И хотя оной Пугачев со мною тут с небольшим месяц или около того содержался, однакож я знал его, потому што он игрывал на острожном дворе с колодниками и со мною в карты" (ЦГАДА. Ф.6.Д.460.Л. 131 – 131об.).»
Однакож, в то время отнюдь еще не помышлял, чтоб назваться государем, и сия жизнь не была тому причиною, чтоб вкрасться людем и после, как назовусь государем, чтоб можно было и на сию благочестивую жизнь ссылаться.
В оное же содержание под караулом, по порядочной моей жизни, от подаяния собрал я, сверх пропадших у меня денег, около или больше тридцати рублей.
Что много у меня сих денег было, то ни от чего другова, как, по хорошей моей тогда жизни, многия на имя подавали; некоторые вдруг по рублю и больше, и спрашивали при подаче имянно: «Кто де здесь Емельян Пугачев? Вот де ему рубль».
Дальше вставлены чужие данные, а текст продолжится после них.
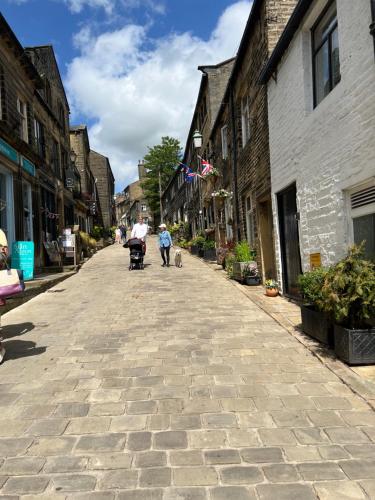 Eine Person, die einen Kinderwagen durch eine Kopfsteinpflasterstraße schubst in der Unterkunft Little Withens in Haworth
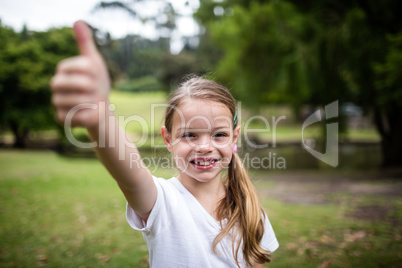 Happy girl showing her thumbs up in the park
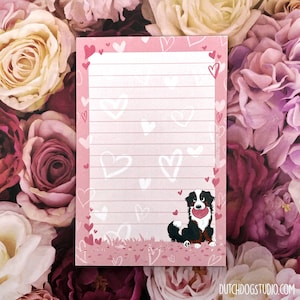May include: Pink notepad with lined paper and a white border of hearts. A cartoon Bernese Mountain Dog is holding a red heart in its mouth. The text "DUTCHDOGSTUDIO.COM" is at the bottom of the notepad.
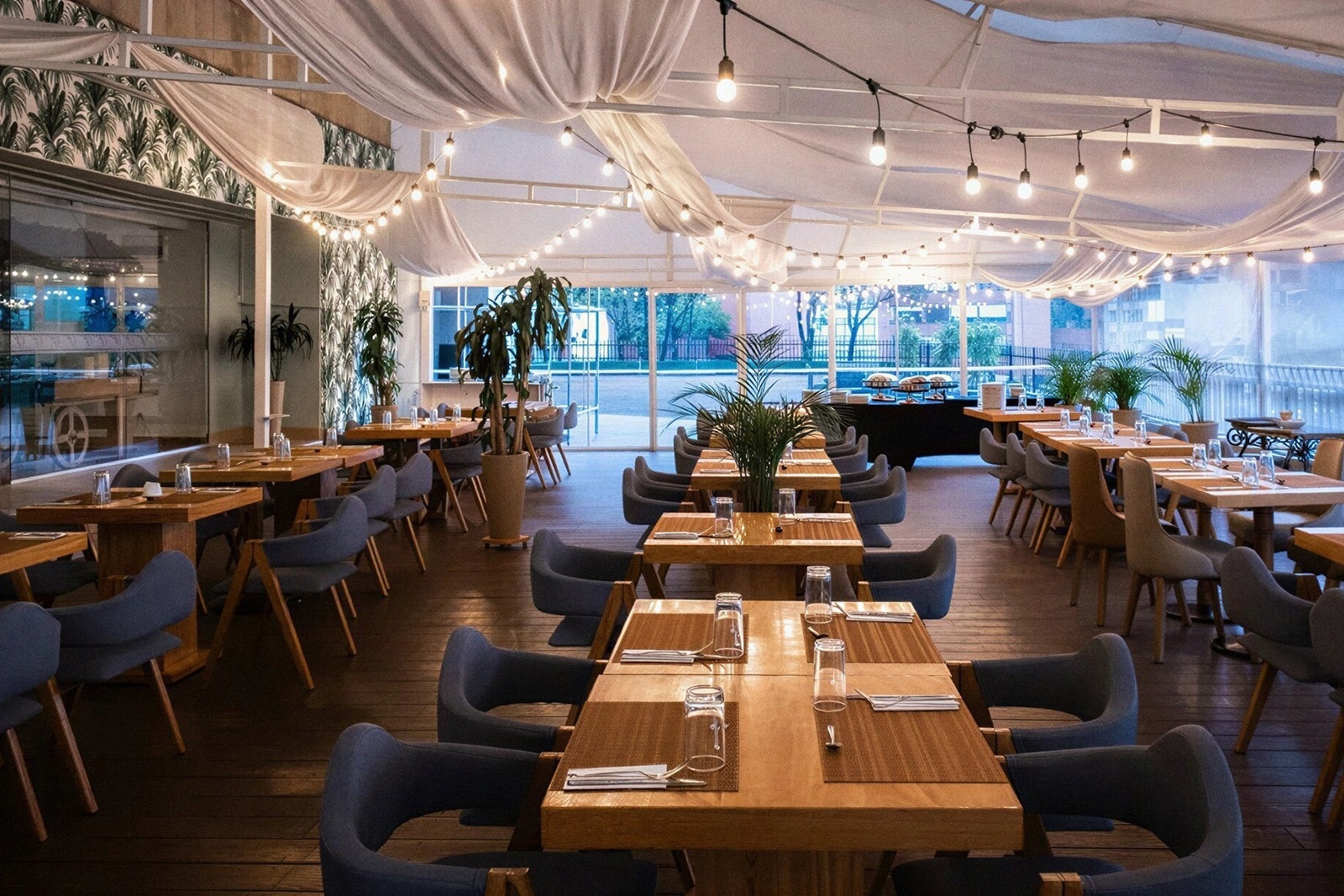 Stylish outdoor dining area at Tequendama Suites Bogotá, perfect for a central Bogotá experience.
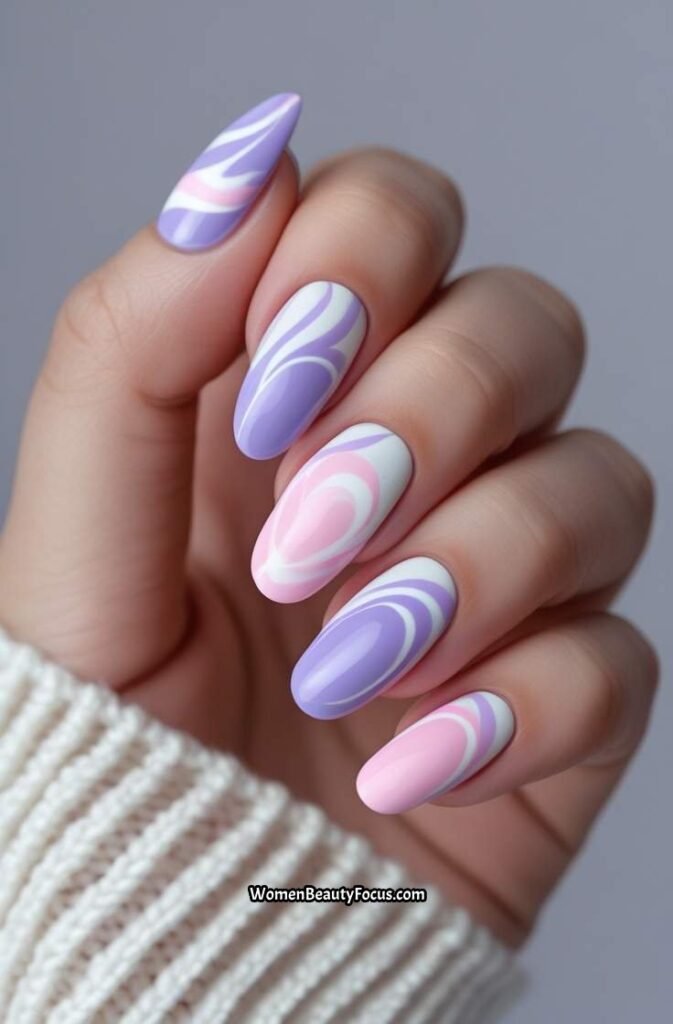 9. Soft Purple and Pink Swirl Nails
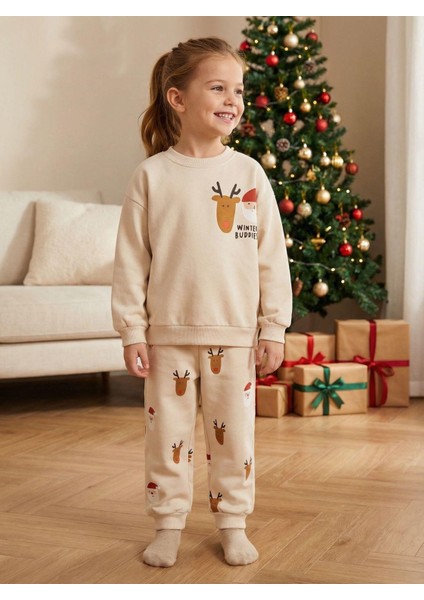 Unisex Çocuk Pamuklu Krem Yılbaşı Figürlü Eşofman Takımı – Rahat Kesim modelleri
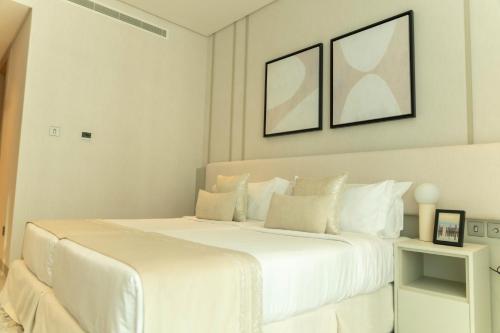 a white bedroom with a large white bed at Pearlhouse Bahrain in Manama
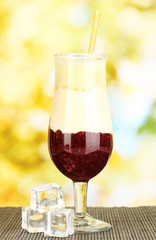 Delicious fruit smoothie on bright background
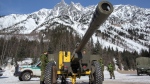 Under the direction of Parks Canada's avalanche forecasters, Canadian soldiers bombard known trigger zones high up on the avalanche paths of Rogers Pass, B.C. as part of the largest mobile avalanche control program in the world.<br><br>Members of the 1st Regiment of the Royal Canadian Horse Artillery (1RCHA) put a 105mm Howitzer in position at Rogers Pass, B.C. on Wednesday, March 4, 2015. (Jeff Bassett / THE CANADIAN PRESS)
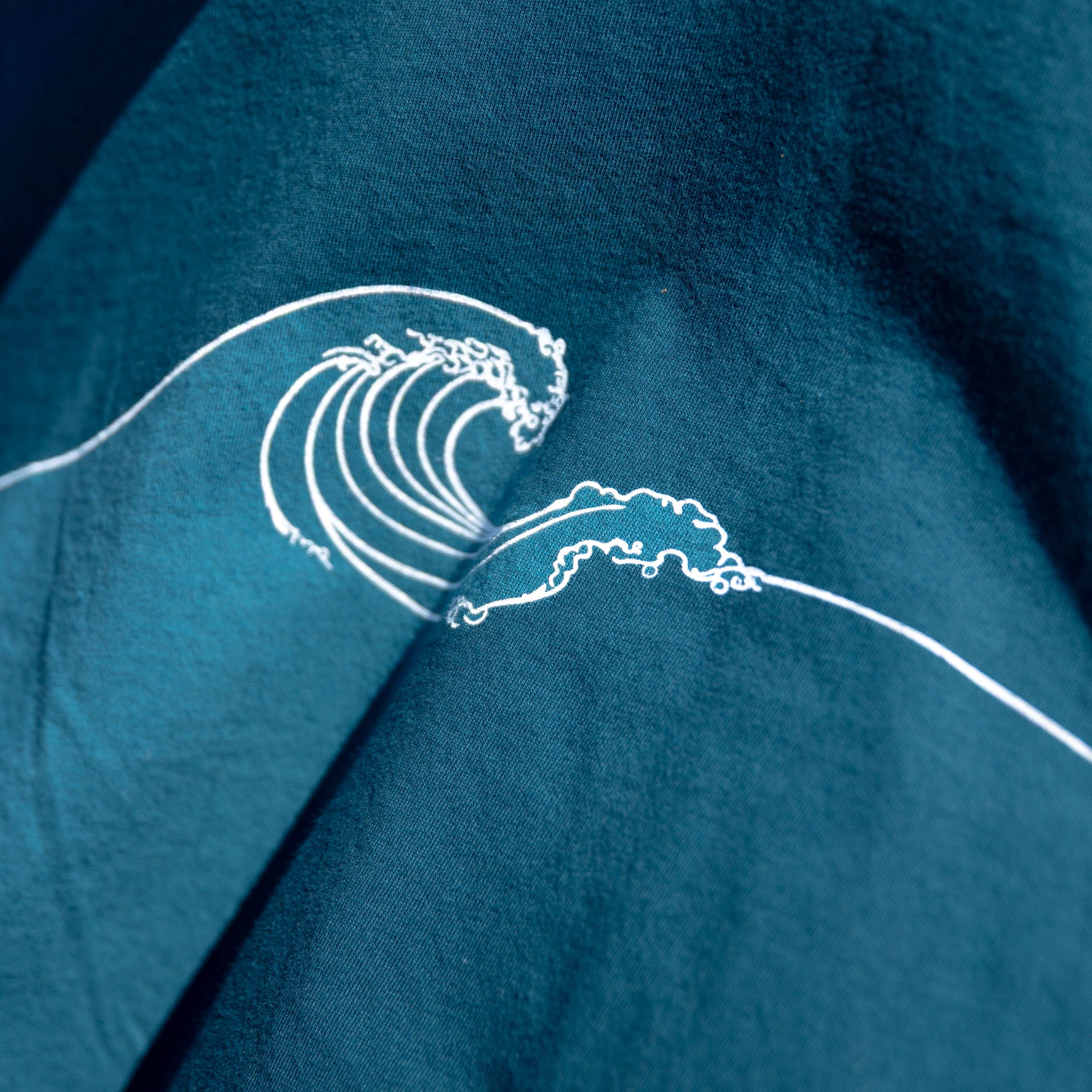 Blue t-shirt with a white wave design on a dark background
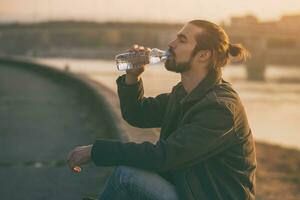 Handsome modern businessman enjoys drinking water and resting by the river.Toned image photo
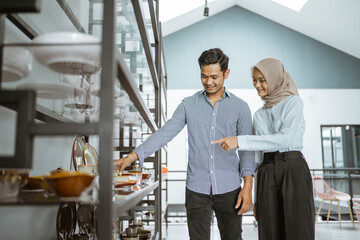 Muslim couple looking at ceramic cups on shelf in houseware store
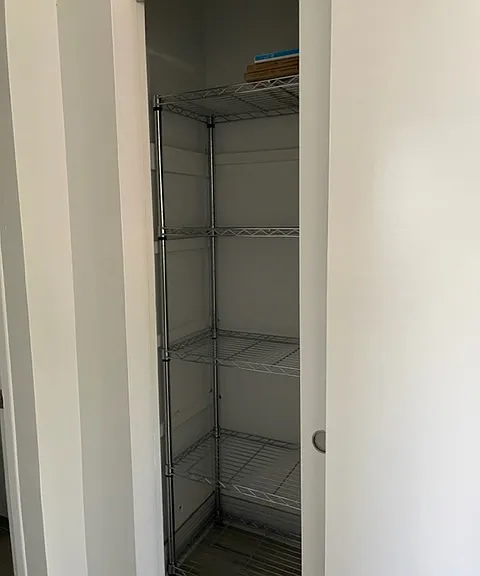 Hall closet 2 with shelving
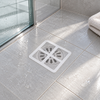 Flat disposable mesh drain cover over a bathroom drain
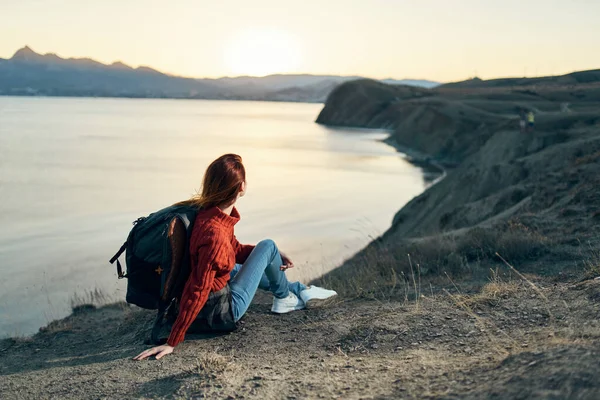 Мандрівник з рюкзаком дивиться на захід сонця на море в горах — стокове фото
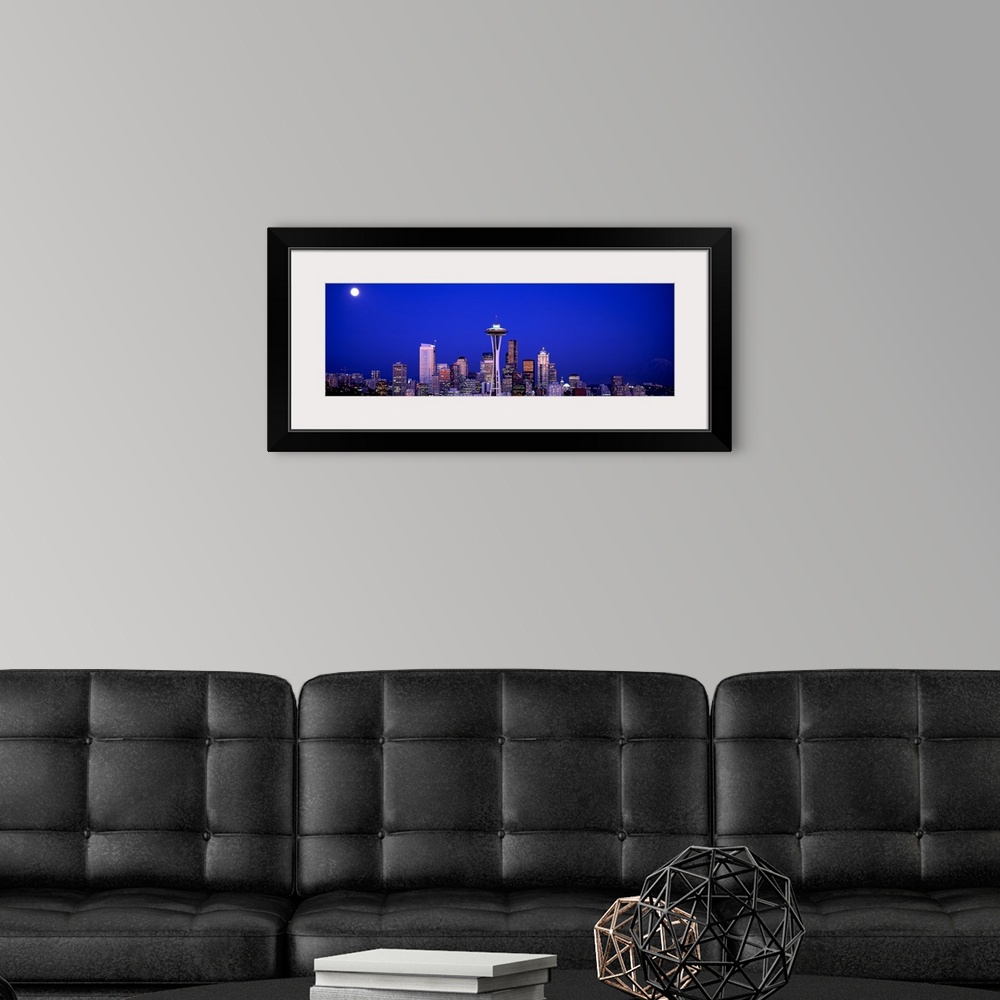 A modern room featuring The city skyline illuminated in the moonlight.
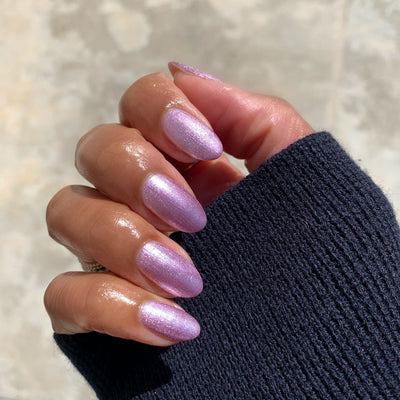 Lilac Shimmer polish on customer hand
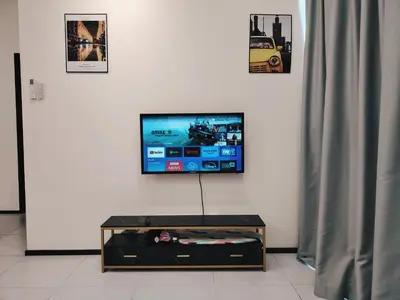 a flat screen tv sitting on top of a white wall at Premium Familystay Urban Suites-3BR 14 pax in Jelutong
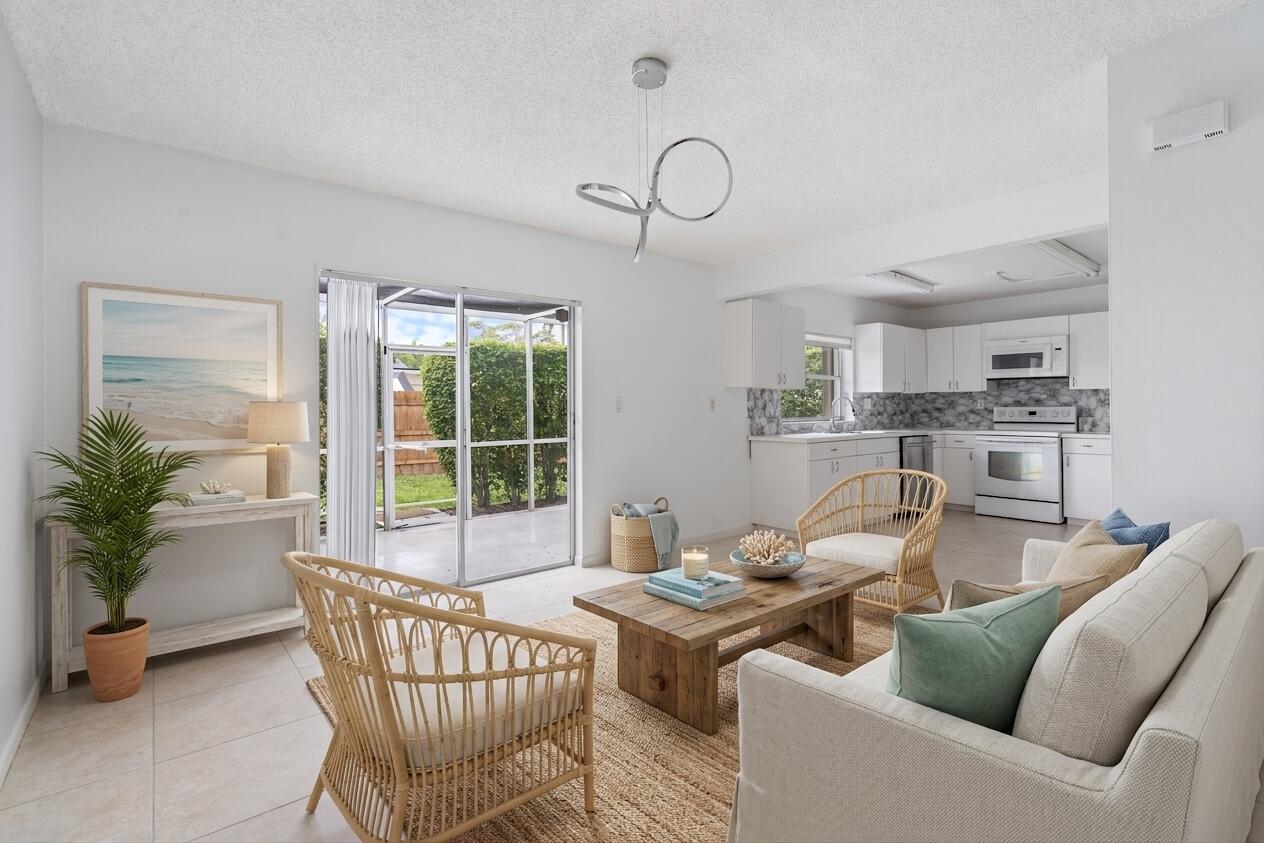 22707 Southwest 64th Way Boca Raton, FL 33428 - Photo 10 of 22 a living room with furniture a window and a table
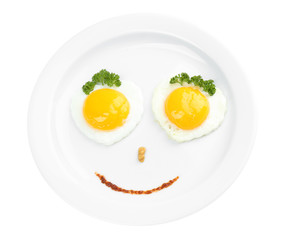 Scrambled eggs with bread on plate, on color napkin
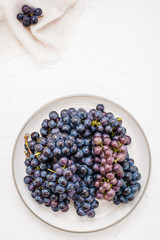 Berries of ripe blue grapes on a plate on a table. Harvesting in autumn. Top view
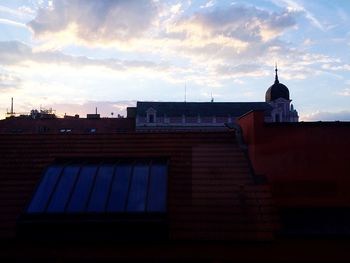 Low angle view of building against cloudy sky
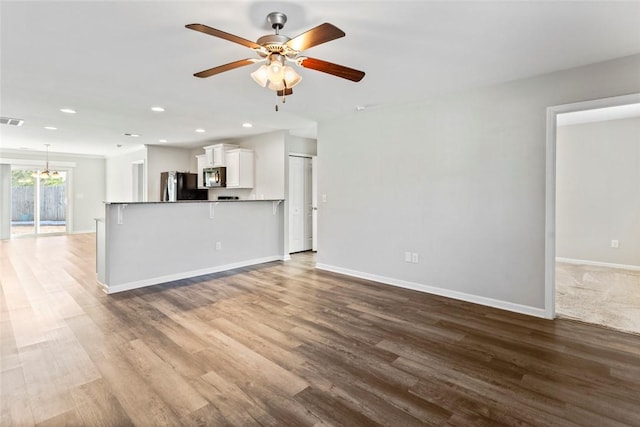 unfurnished living room featuring ceiling fan with notable chandelier and hardwood / wood-style flooring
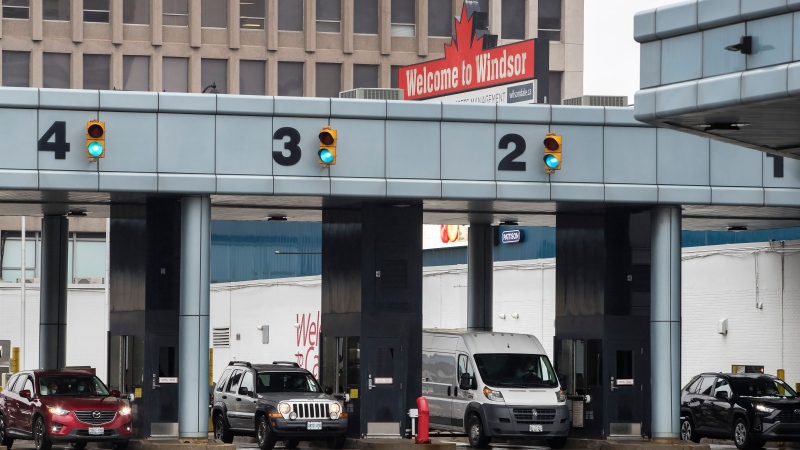 Vehicles exit the customs booths at the Windsor Detroit Tunnel in Windsor, Ont., on Saturday, December 18, 2021. (Source: THE CANADIAN PRESS/Fred Thornhill)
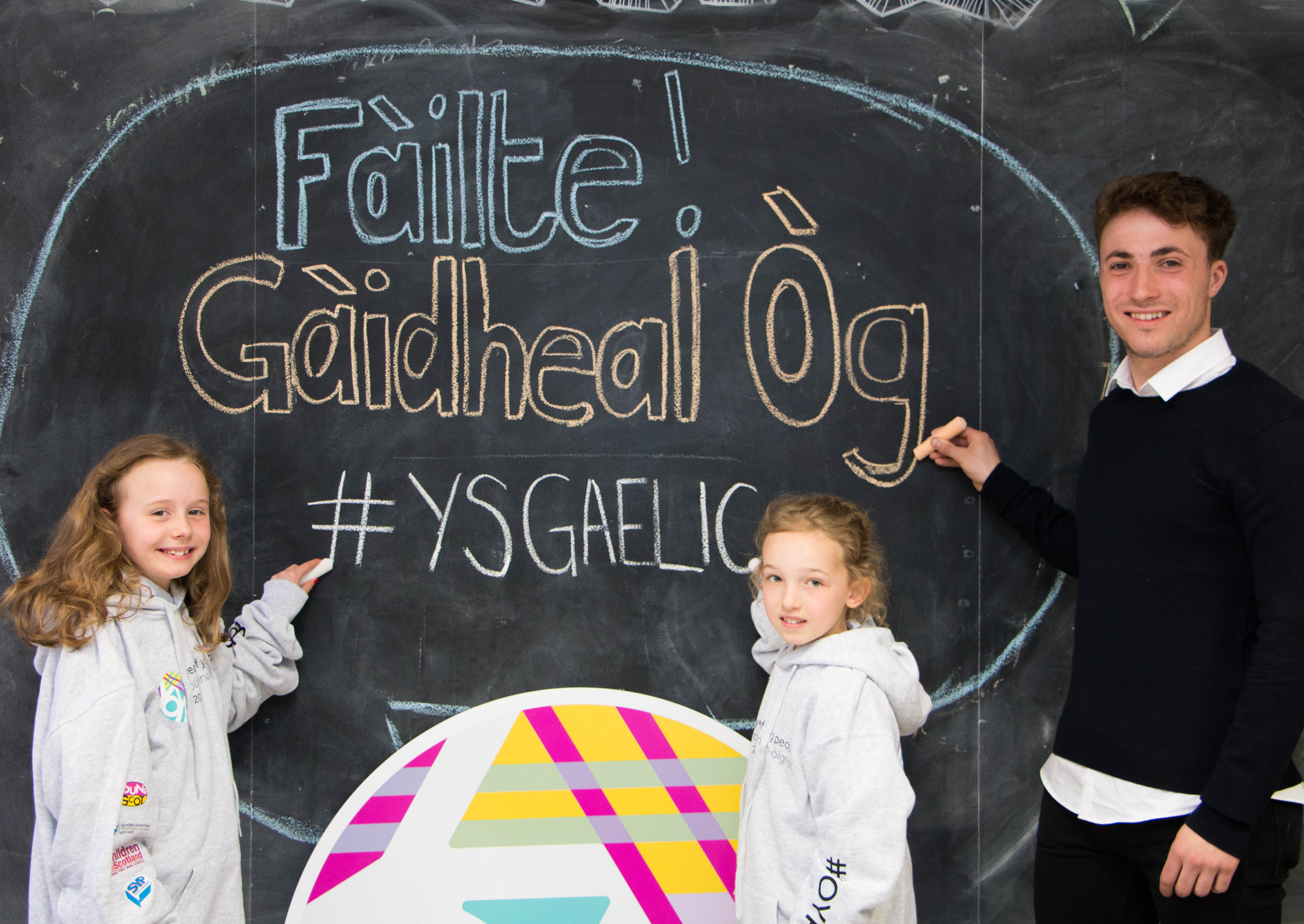 Picture: The three school children holding chalk and writing  "Fàilte! Gàidheal Òg! #YSGaelic "Welcome! Young geals" on the black chalkboard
В одно время купец Дружинин говорил мне:
«Что ж, Емельян, мы можем бежать». А как я сказал, что хорошо, да и солдат то одобрил, тогда Дружинин дал своему сыну денег, коему, невидимому, было лет 15, как зовут, – не знаю, и велел купить лошадь и телегу.
Когда же оная была готова, и сын Дружинина, пришед, о сем объявил, то он, Дружинин, сыну своему говорил: «Когда де мы отпросимся у караульных к попу (как его зовут, – я не знаю, ибо он знаком Дружинину) и ты де тут с кибиткою поблизку подъезжай, но с тем, чтоб никто тебя не видал, где мы будем».
Сие произходило прошлаго 1773-го года в майе месяце, и в последних числах.
Согласясь с тем Дружининым и с показанным малороссийской нации солдатом, умыслясь, поутру стали проситься у караульного офицера с тем, чтоб отпустил для испрошения милостыни к попу.
(Речь идет об Иване Ефимове, священнике Благовещенского собора в Казани. Ефимов – свойственник алатского купца П.П. Дружинина (их жены были двоюродными сестрами). 29 мая 1773 г. в дом к Ефимову явились из острога Дружинин с Е.И. Пугачевым "для испрошения милостыни", сопровождаемые конвойными солдатами г.А. Мищенковым и Д. г. Рыбаковым. Допьяна напоив Рыбакова (непосвященного, как и Ефимов, в замысел побега Дружинина и Пугачева), колодники и солдаты уехали из Казани.
Спустя 10 дней после их побега, Ефимов был взят под стражу и допрошен в Казанской духовной консистории. По приказанию казанского архиепископа Вениамина, священник Ефимов "за поение" колодников и конвойных солдат "вином и прочим пойлом" был заключен в монастырскую тюрьму, где содержался в кандалах, получая в пищу лишь хлеб и воду.
По приговору Тайной экспедиции Сената от 31 марта 1775 г. Ефимов, как не принимавший соучастия и согласия в побеге Пугачева и Дружинина, был освобожден из заключения.)
А офицер нас и отпустил. А солдат – согласник к побегу и другой, которой того заговору не знал, к попу канвойными за нами пошли.
(Мищенков Григорий Алексеевич, солдат, уроженец Украины, солдат III Казанского батальона, был в карауле тюремного острога и 29 мая 1773 г. бежал с Е.И. Пугачевым и П.П. Дружининым из Казани, в конце лета 1773 г. поселился в Черкасской слободе (на реке Кинель). Последующая судьба Мищенкова не известна.)